Mood-boosting Bacteria Found in Dirt

Girl planting in garden Even if you don’t love gardening, digging in the dirt may be good for your health—-and it has nothing to do with a love of nature or the wonder of watching things grow. The secret may be in the dirt itself: a bacterium called Mycobacterium vaccae that acts like an antidepressant once it gets into your system.
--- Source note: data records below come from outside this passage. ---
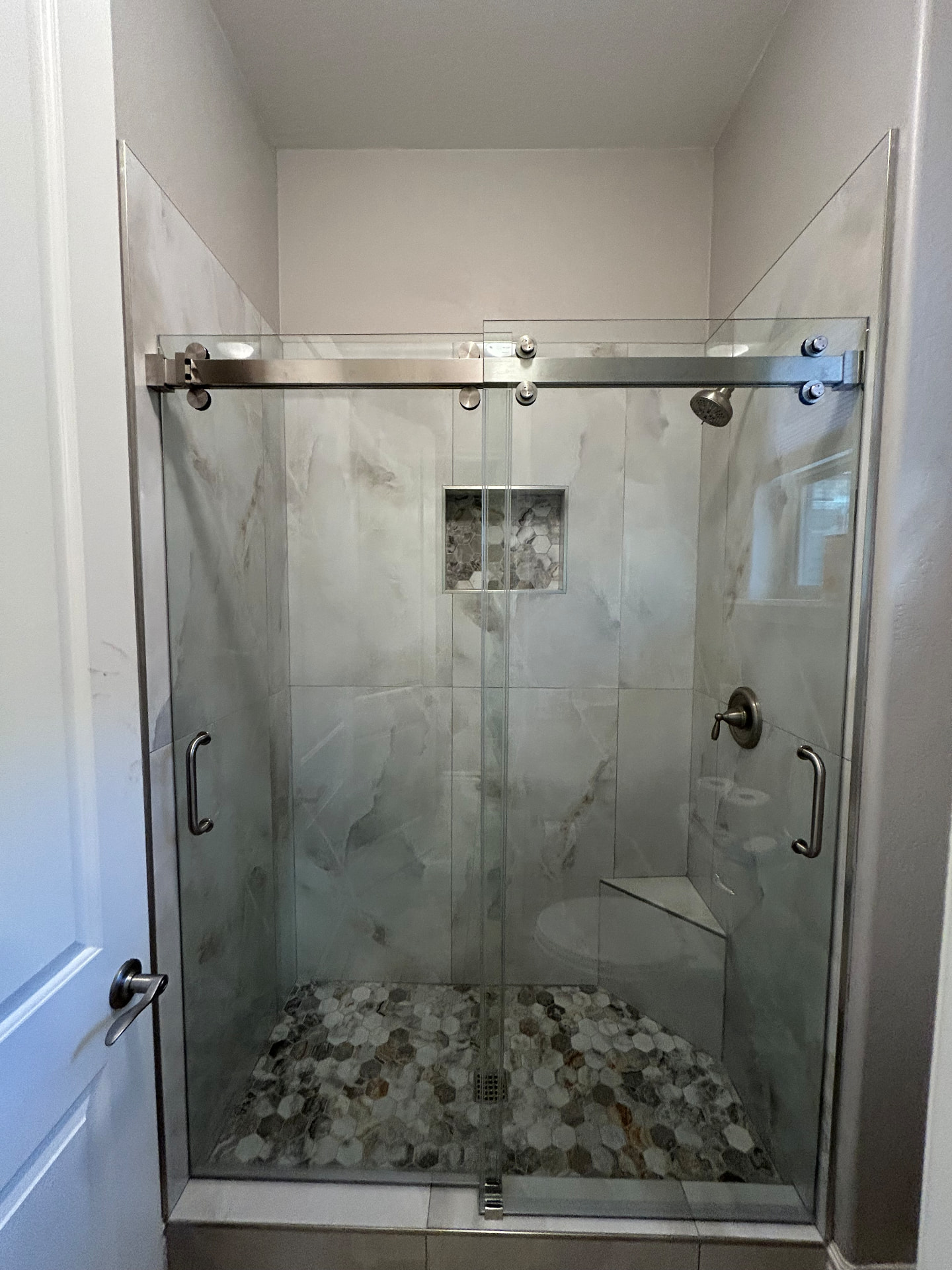 Frameless glass shower enclosure with marble tile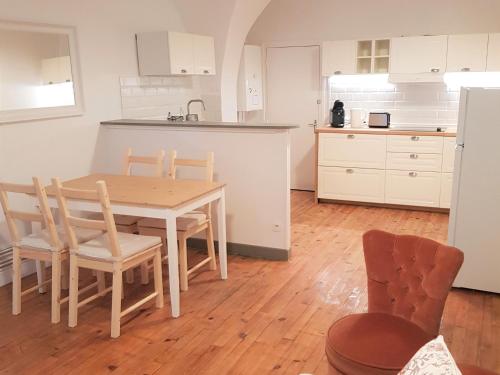 a kitchen and dining room with a table and chairs at Issoire centre, T2 Bergère avec parking in Issoire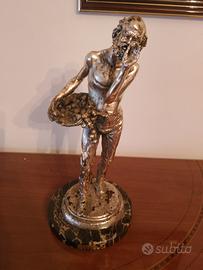 statua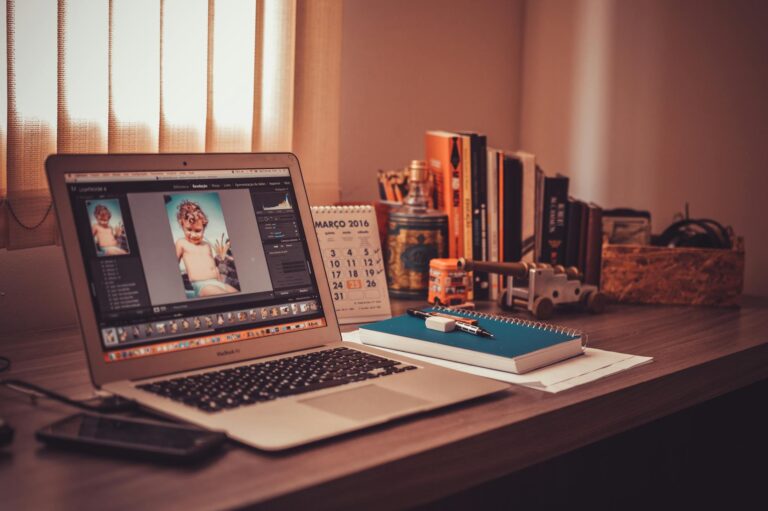 turned on screen silver macbook air on wooden desk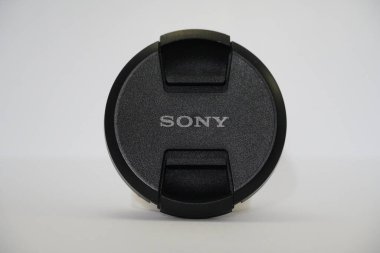 Beyaz arka planda Sony Camera Lens Cap. Kamera merceğinin damgalı şapkası Sony 'yi fotoğrafçılık hobisi olanlara aksesuar olarak gösterdi. : Udaipur Hindistan - Mart 2020
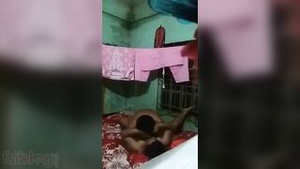 A Bengali husband makes love to his wife and is videotaped during the process.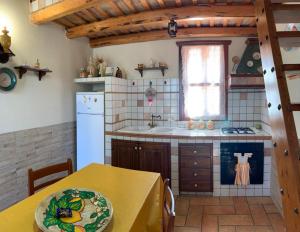eine Küche mit einem Tisch und einem gelben Tischtuch in der Unterkunft Baglio Cracchiolo Casa Baldo in San Vito lo Capo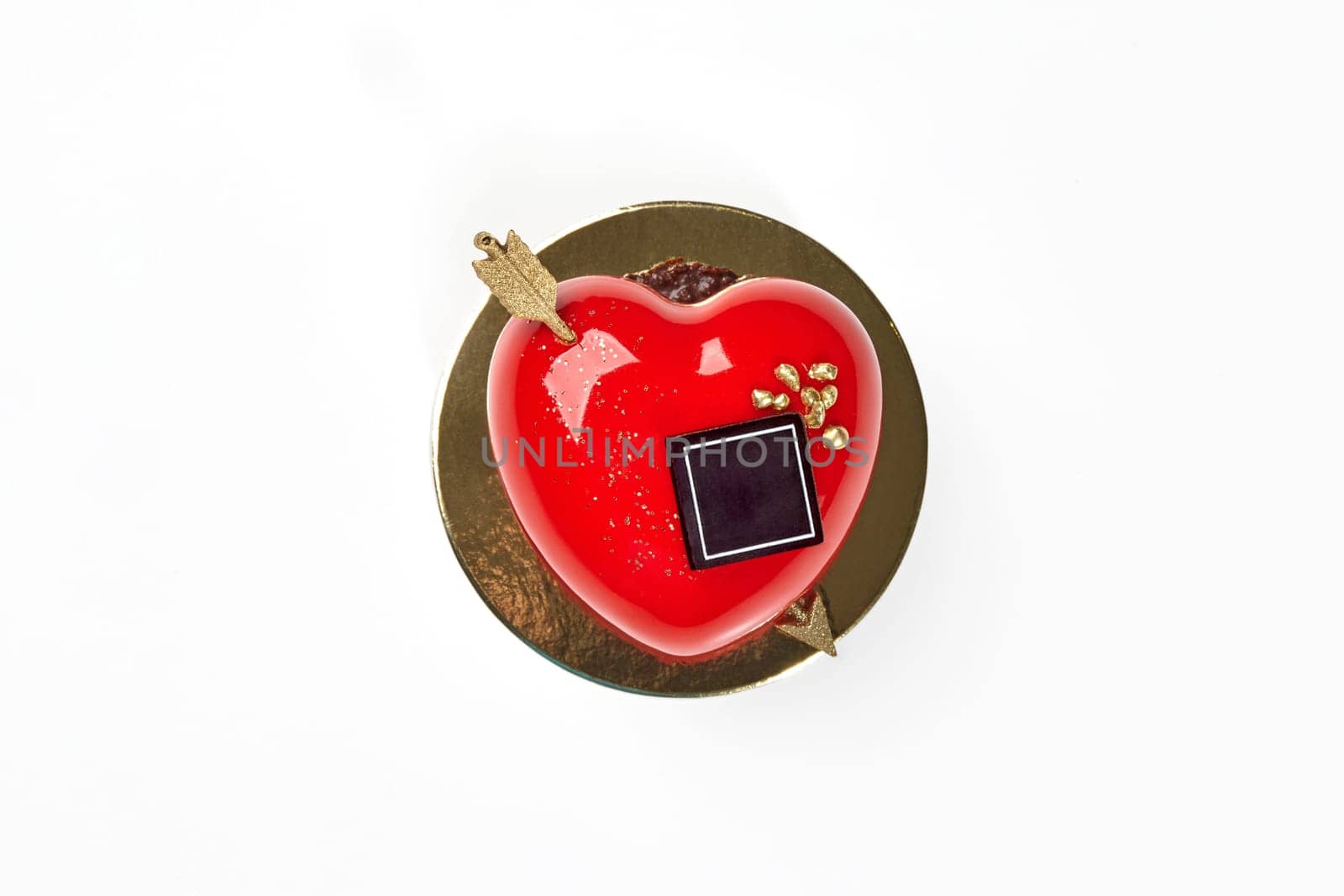 Vibrant red heart-shaped strawberry mousse cake with glossy icing, chocolate and gold arrow, perfect for celebrations of love and affection on Valentines Day, top view against white background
That’s right. A living organism that acts like a mood-booster on the human brain, increasing serotonin levels and making people feel happier. It was accidentally discovered about 10 years ago, when Dr. Mary O’Brien, an oncologist at the Royal Marsden Hospital in London, tried an experimental treatment for lung cancer. She inoculated patients with the killed bacteria to boost their immune system. It did that, but it also improved her patients’ emotional health, vitality, and general cognitive function.

These studies helped them understand how the body communicates with the brain and why a healthy immune system is important for maintaining mental health. They also leave us wondering if we shouldn’t all be spending more time playing in the dirt!
It raises the intriguing idea of a future where doctors could treat clinical depression with a simple vaccine. In the meantime, people seeking a bit of a boost may be able to find it in their own backyards. I wouldn’t recommend inhaling or eating dirt, of course. But, this spring, I am looking forward to spending more time getting dirty! Please join me!!!

4 Responses to Mood-boosting Bacteria Found in Dirt

  1. Randy Smith says:

    No wonder kids love playing in the dirt!

  2. Great article! I’m putting it up in our lunchroom here at work.